■ YOUR ASSIGNMENT
Leave out the pictures and print the records below exactly.

■ DATA EXTRACTS
☆ ☆ ☆ ☆ ☆ ☆ ☆

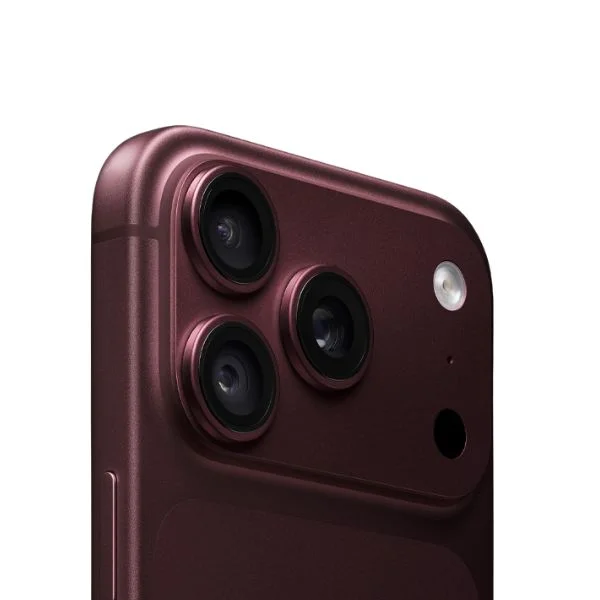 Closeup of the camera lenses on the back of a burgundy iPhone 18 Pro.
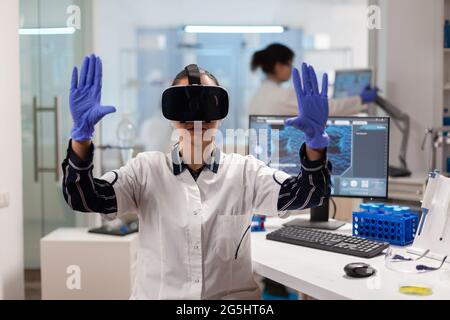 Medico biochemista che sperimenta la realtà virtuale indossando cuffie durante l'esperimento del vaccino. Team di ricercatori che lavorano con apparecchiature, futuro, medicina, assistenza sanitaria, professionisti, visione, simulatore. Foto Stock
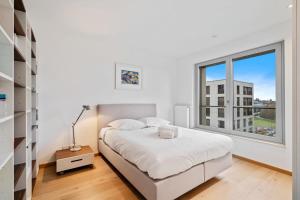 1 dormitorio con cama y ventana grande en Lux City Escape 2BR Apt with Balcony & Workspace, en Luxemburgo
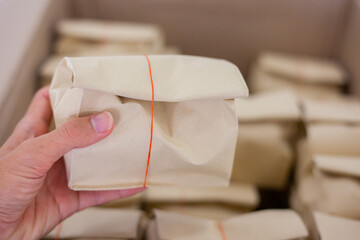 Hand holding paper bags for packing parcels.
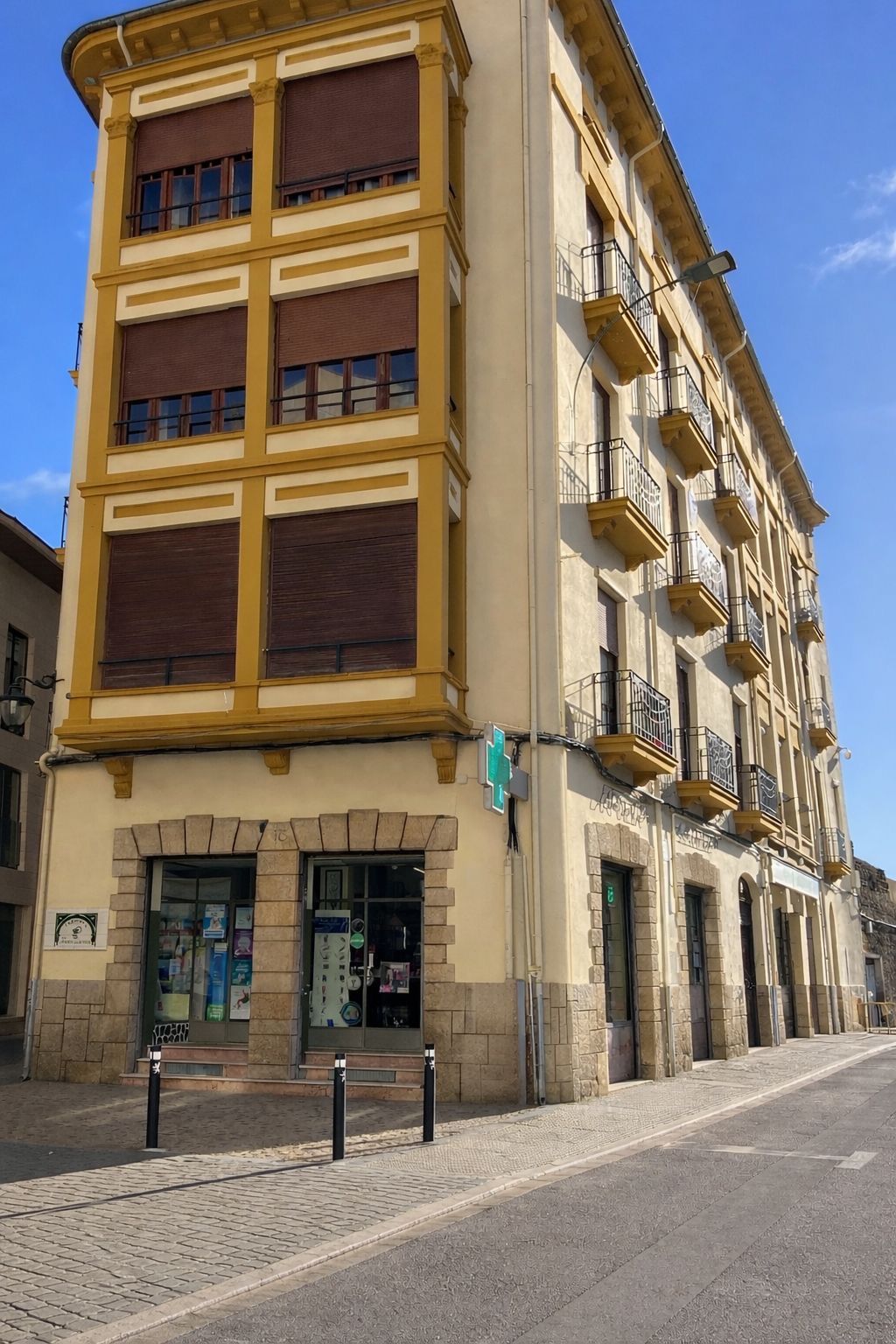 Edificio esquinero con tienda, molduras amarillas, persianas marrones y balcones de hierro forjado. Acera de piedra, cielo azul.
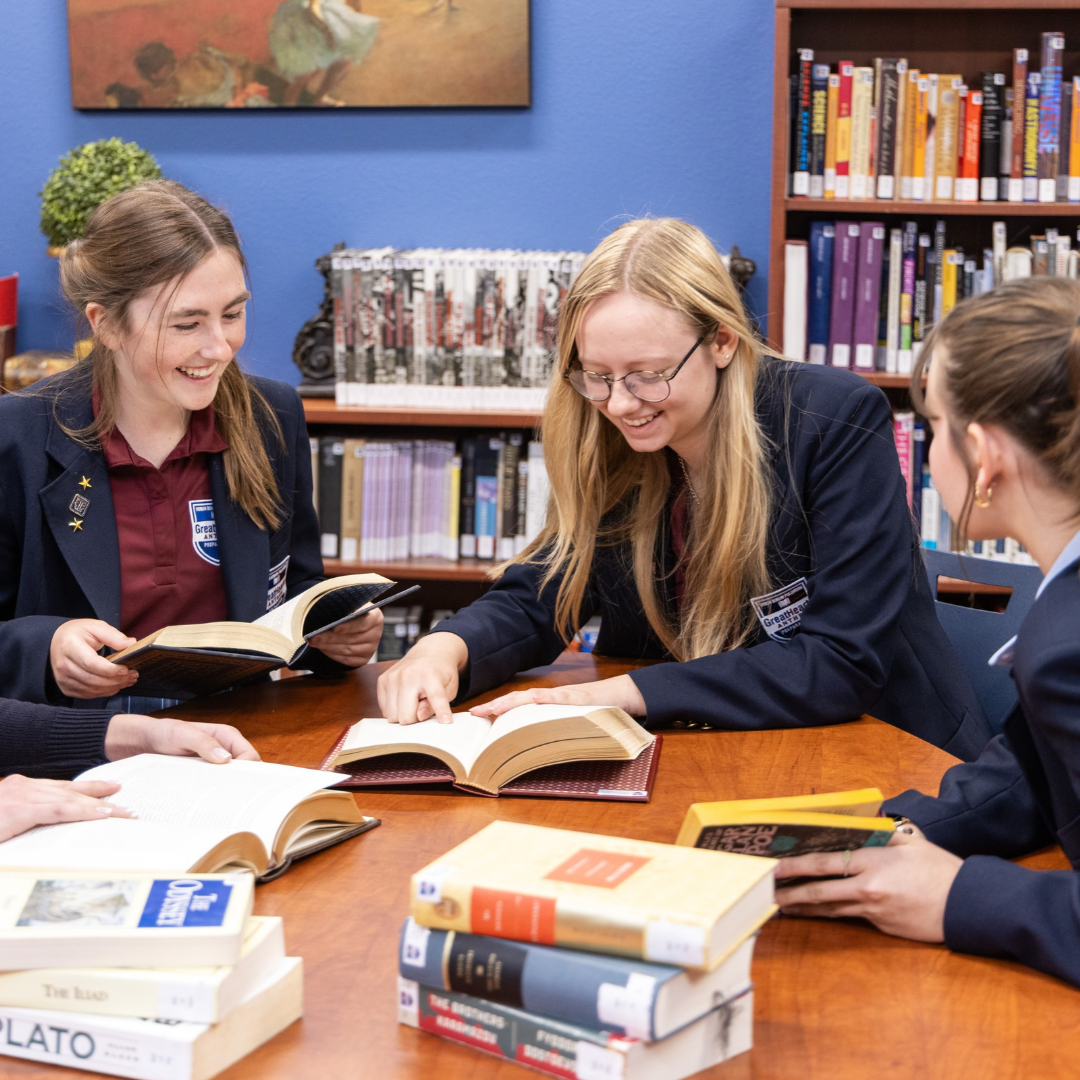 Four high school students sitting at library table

☆ ☆ ☆ ☆ ☆ ☆ ☆

■ RESPONSE AREA
 Closeup of the camera lenses on the back of a burgundy iPhone 18 Pro.
 Medico biochemista che sperimenta la realtà virtuale indossando cuffie durante l'esperimento del vaccino. Team di ricercatori che lavorano con apparecchiature, futuro, medicina, assistenza sanitaria, professionisti, visione, simulatore. Foto Stock
 1 dormitorio con cama y ventana grande en Lux City Escape 2BR Apt with Balcony & Workspace, en Luxemburgo
 Hand holding paper bags for packing parcels.
 Edificio esquinero con tienda, molduras amarillas, persianas marrones y balcones de hierro forjado. Acera de piedra, cielo azul.
 Four high school students sitting at library table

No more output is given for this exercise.